Thread safe programming

I keep hearing about thread safe. What is that exactly and how and where can I learn to program thread safe code?

Also, assume I have 2 threads, one that writes to a structure and another one that reads from it. Is that dangerous in any way? Is there anything I should look for? I don't think it is a problem. Both threads will not (well can't ) be accessing the struct at the exact same time..

Also, can someone please tell me how in this example : https://stackoverflow.com/a/5125493/1248779 we are doing a better job in concurrency issues. I don't get it.

Upvotes: 7

Views: 5991

Answers (7)

djna
djna

Reputation: 55907

Thread-safety is one aspect of a larger set of issues under the general heading of "Concurrent Programming". I'd suggest reading around that subject.

Your assumption that two threads cannot access the struct at the same time is not good. First: today we have multi-core machines, so two threads can be running at exactly the same time. Second: even on a single core machine the slices of time given to any other thread are unpredicatable. You have to anticipate that ant any arbitrary time the "other" thread might be processing. See my "window of opportunity" example below.

The concept of thread-safety is exactly to answer the question "is this dangerous in any way". The key question is whether it's possible for code running in one thread to get an inconsistent view of some data, that inconsistency happening because while it was running another thread was in the middle of changing data.

In your example, one thread is reading a structure and at the same time another is writing. Suppose that there are two related fields:

  { foreground: red; background: black }

and the writer is in the process of changing those

   foreground = black;
            <=== window of opportunity
   background = red;

If the reader reads the values at just that window of opportunity then it sees a "nonsense" combination

  { foreground: black; background: black }

This essence of this pattern is that for a brief time, while we are making a change, the system becomes inconsistent and readers should not use the values. As soon as we finish our changes it becomes safe to read again.

Hence we use the CriticalSection APIs mentioned by Stefan to prevent a thread seeing an inconsistent state.

Upvotes: 4

Anthony Williams
Anthony Williams

Reputation: 68581

Thread safety is a simple concept: is it "safe" to perform operation A on one thread whilst another thread is performing operation B, which may or may not be the same as operation A. This can be extended to cover many threads. In this context, "safe" means:

  • No undefined behaviour
  • All invariants of the data structures are guaranteed to be observed by the threads

The actual operations A and B are important. If two threads both read a plain int variable, then this is fine. However, if any thread may write to that variable, and there is no synchronization to ensure that the read and write cannot happen together, then you have a data race, which is undefined behaviour, and this is not thread safe.

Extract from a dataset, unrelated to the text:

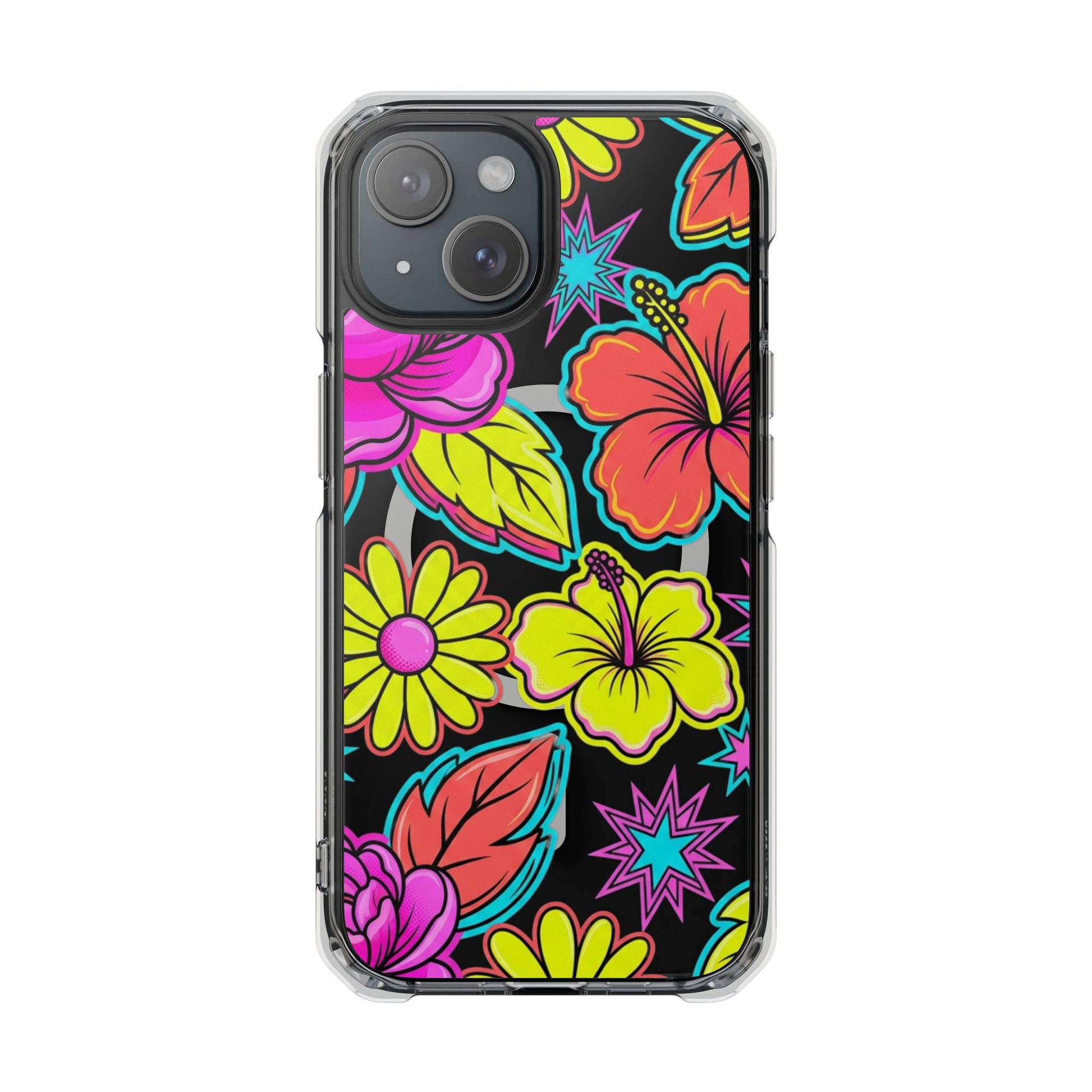 Clear Magnetic Phone Case Neon Hawaiian Floral – iPhone 17 front view showing vibrant tropical print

This applies equally to the scenario you asked about: unless you have taken special precautions, then it is not safe to have one thread read from a structure at the same time as another thread writes to it. If you can guarantee that the threads cannot access the data structure at the same time, through some form of synchronization such as a mutex, critical section, semaphore or event, then there is not a problem.

You can use things like mutexes and critical sections to prevent concurrent access to some data, so that the writing thread is the only thread accessing the data when it is writing, and the reading thread is the only thread accessing the data when it is reading, thus providing the guarantee I just mentioned. This therefore avoids the undefined behaviour mentioned above.

However, you still need to ensure that your code is safe in the wider context: if you need to modify more than one variable then you need to hold the lock on the mutex across the whole operation rather than for each individual access, otherwise you may find that the invariants of your data structure may not be observed by other threads.

It is also possible that a data structure may be thread safe for some operations but not others. For example, a single-producer single-consumer queue will be OK if one thread is pushing items on the queue and another is popping items off the queue, but will break if two threads are pushing items, or two threads are popping items.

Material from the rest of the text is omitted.